Ricky Thornton Jr. was quite busy at The Dirt Track at Charlotte’s World Finals balancing driving duties with his regular Koehler Motorsports No. 20rt team and Bernie Stuebgen’s No. 71 Indy Race Parts sprint car.
The weekend could’ve been far busier for the 34-year-old who contemplated checking off another item off his racing bucket-list: Competing in a big-block modified. Indeed, the Chandler, Ariz., superstar put out some feelers among modified car owners and in return garnered plenty of interest from prospective teams that had quality equipment.
Ultimately, Thornton didn’t want to feel stretched too thin across his Dirt Late Model priorities, trying to get back up to speed in a winged 410 sprint car and potentially having to learn a new race car in the big-block modified. But he also envisions that “I think eventually it could happen” — him competing in one-off big-block modified events like the World Finals.
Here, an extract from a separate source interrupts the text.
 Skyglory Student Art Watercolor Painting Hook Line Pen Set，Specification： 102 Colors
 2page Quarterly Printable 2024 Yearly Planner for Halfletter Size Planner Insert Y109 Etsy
“The hard part here is, I feel like you have to focus on the Late Model. The sprint car is different that it takes a lot of focus, too,” Thornton said at last week’s World Finals. “I think if I can run a few sprint car races a year and get myself in better condition there, I think maybe you could see me run all three here. But I feel like I need to focus enough on the sprint car right now where if I can make the race, be competitive, and maybe a couple years from now we could do all three.”
Should Thornton ever pull off the trifecta at Charlotte, racing the Late Model, sprint car and modified, he’d need more seat time in the 410 sprint car. He last raced a winged sprint car at last year’s World Finals and the rust certainly showed as Thornton could only finish eighth and ninth in B-mains last Thursday and Friday at Charlotte — four and five spots shy of transferring into the A-main.
Thornton, who comes from a successful IMCA modified background, isn’t afraid to strap himself into different race cars. On Oct. 24-25, he finished fourth and fifth in his first-ever USAC National Sprint Car races at Central Arizona Raceway’s 58th annual Western World Championship, a major event on the non-winged sprint car circuit. He’s also raced a midget, Silver Crown car, and micro sprint this year.
“A lot of people I know run big blocks. Had really good offers, but the hard part would be doing it and making sense,” Thornton said. “I don’t wanna do it just to say I did it. Ideally, it’d be a year we could run all three and somehow win all three. That’d be a cool stat that’d be about impossible to ever do, let alone, it’s tough running two classes. We’ll just kind of wait and see.”